Rectifier diodes of medium and high power. Diodes reference book. Rectifier types and technical parameters

The main purpose of rectifier diodes is voltage conversion. But this is not the only field of application for these semiconductor elements. They are installed in the switching and control circuits, used in cascade generators, etc. Novice radio amateurs will be interested to know how these semiconductor elements are arranged, as well as their principle of operation. Let's start with general characteristics.

Device and design features

The main structural element is a semiconductor. This is a silicon or germanium crystal plate, which has two regions of p and n conductivity.
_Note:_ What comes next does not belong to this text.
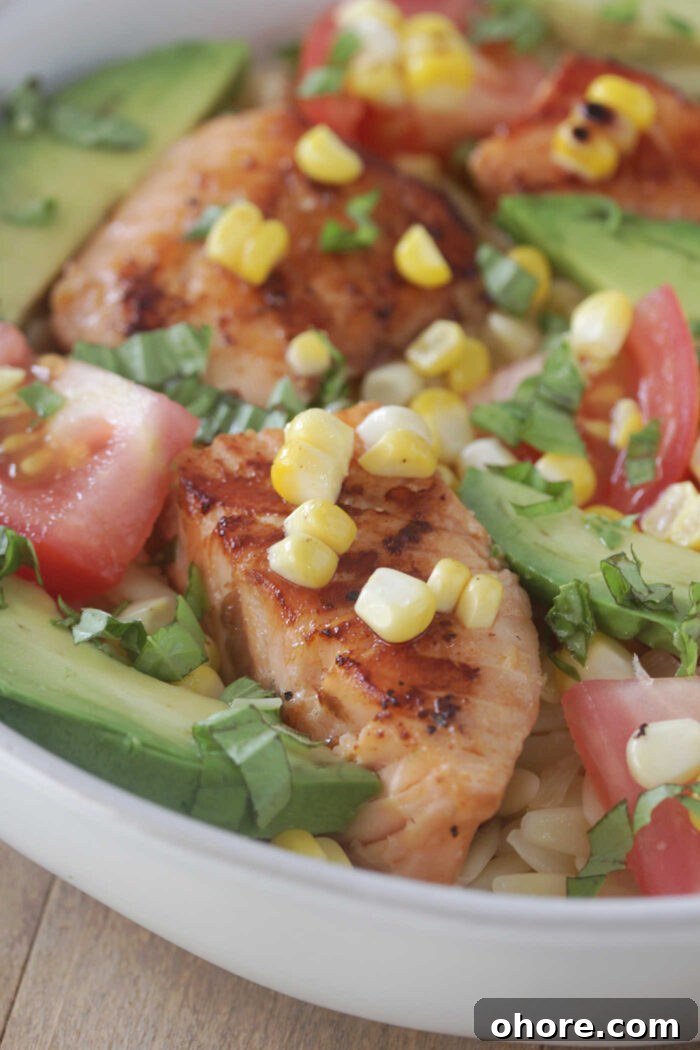 Close-up shot of grilled salmon with orzo and corn
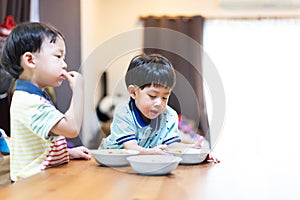 The brothers are enjoying their favorite omelet before going to school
Because of this design feature, it was named flat.

In the manufacture of a semiconductor, the crystal is processed as follows: to obtain a p-type surface, it is treated with molten phosphorus, and p-type - with boron, indium or aluminum. In the course of heat treatment, diffusion of these materials and crystal occurs. The result is a region with a pn junction between two surfaces with different electrical conductivity. The semiconductor obtained in this way is installed in the housing. This protects the crystal from extraneous factors and promotes heat dissipation.

Legend:

A - the output of the cathode.
B - crystal holder (welded to the body).
C - n-type crystal.
D - p-type crystal.
E - wire leading to the anode lead.
F - insulator.
G - body.
H - anode lead.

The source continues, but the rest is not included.